The value of the oil and the baleen attracted European and American whalers, who also considered the bowhead a prized catch. From the middle of the 19th century, until oil and baleen markets collapsed early in the 20th century, large numbers of bowheads were killed and whale populations severely depleted as a result. After, the commercial whaling ended, the Inuit resumed their bowhead hunts, until the Canadian, Danish, and Russian governments stopped Inuit hunting of this depleted species.
However, in Canada, Inuit in the western Arctic continued to eat bowhead, because they maintained social and economic connections with their Alaskan relatives who were still allowed to hunt bowhead. Despite efforts in the 1960s to resume their own hunt, it was only in the 1990s that Inuit in the western Canadian Arctic resumed the hunt.
In the Eastern Canadian Arctic, apart from occasional whales hunted or found dead, the taste of the highly-esteemed bowhead mattak remained a memory only among older Inuit. The first bowhead hunting resumed in the mid-1990s, a time when Inuit reported bowhead numbers had been progressively increasing over two decades.
Bowhead hunting In Canada is regulated by co-management boards in the western and eastern Arctic territories. Management plans have been developed by the Inuit and approved by the Federal Government, and the hunt is under the control of the hunters and trappers organisation in the community requesting a hunt permit from the appropriate co-management board. Canada is no longer a member of the International Whaling Commission, so the hunt is subject only to conditions set down in federal and land claims agreements (the modern-day treaties). Bowhead hunting by Inuit is protected by specific acts of the Canadian parliament and Section 35 of the Canadian Constitution, as well as national whaling regulations contained in the Fisheries Act.

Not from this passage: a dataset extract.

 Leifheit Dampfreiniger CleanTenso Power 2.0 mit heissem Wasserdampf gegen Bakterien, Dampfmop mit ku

The bowhead, weighing up to 40 tonnes and the largest animal in the Arctic, is regarded with awe and reverence by the Inuit.

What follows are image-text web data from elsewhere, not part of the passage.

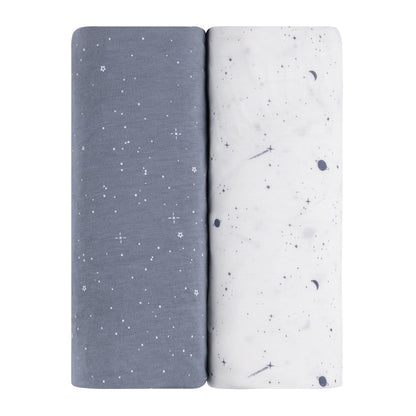 Ely’s & Co. Changing Pad Cover, Diaper Changing Table Sheets, 2 Pack, Cradle Sheet Set for Baby Boys, 100% Jersey Knit Cotton, Celestial Blue Collection, 32”x16”x5”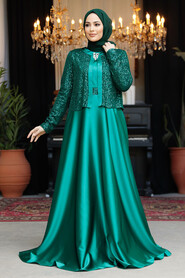 Modest Green Plus Size Evening Gowns 25881Y - 3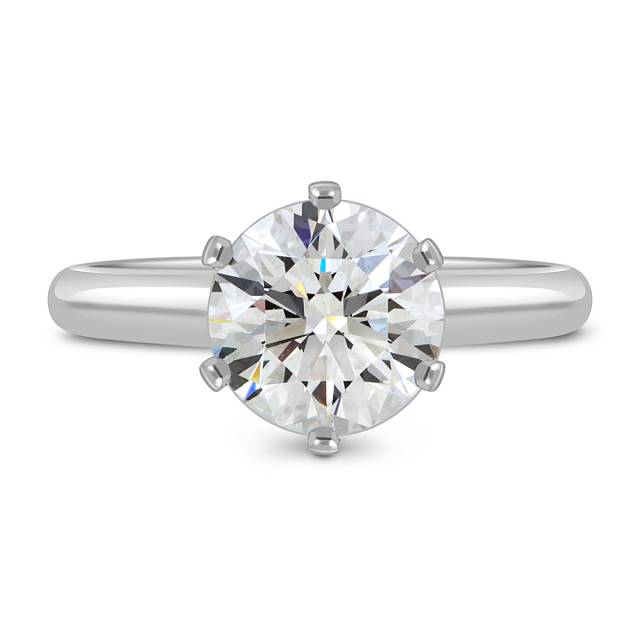 Помолвочное кольцо из белого золота с бриллиантом (050853)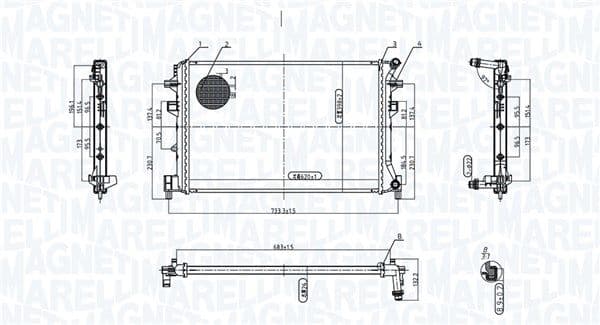 Radiator, racire motor MAGNETI MARELLI 350213220300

The time leading to the hunt is a periods of reflection and prayer, focused upon the safety of the whalers and the sacrifice of the whale. Ceremonialism, symbolism and celebration associated with bowhead whaling is greater than for other species of whale hunted by the Inuit, such that the return of bowheads to numbers allowing a limited resumption of this important activity aids the revitalisation of Inuit cultural traditions and sense of Inuit identity, especially among younger people.
The last bowhead hunt occurred in the summer of 1998; a bowhead hunt is planned by one Inuit community in the Eastern Arctic during the summer months in the year 2000.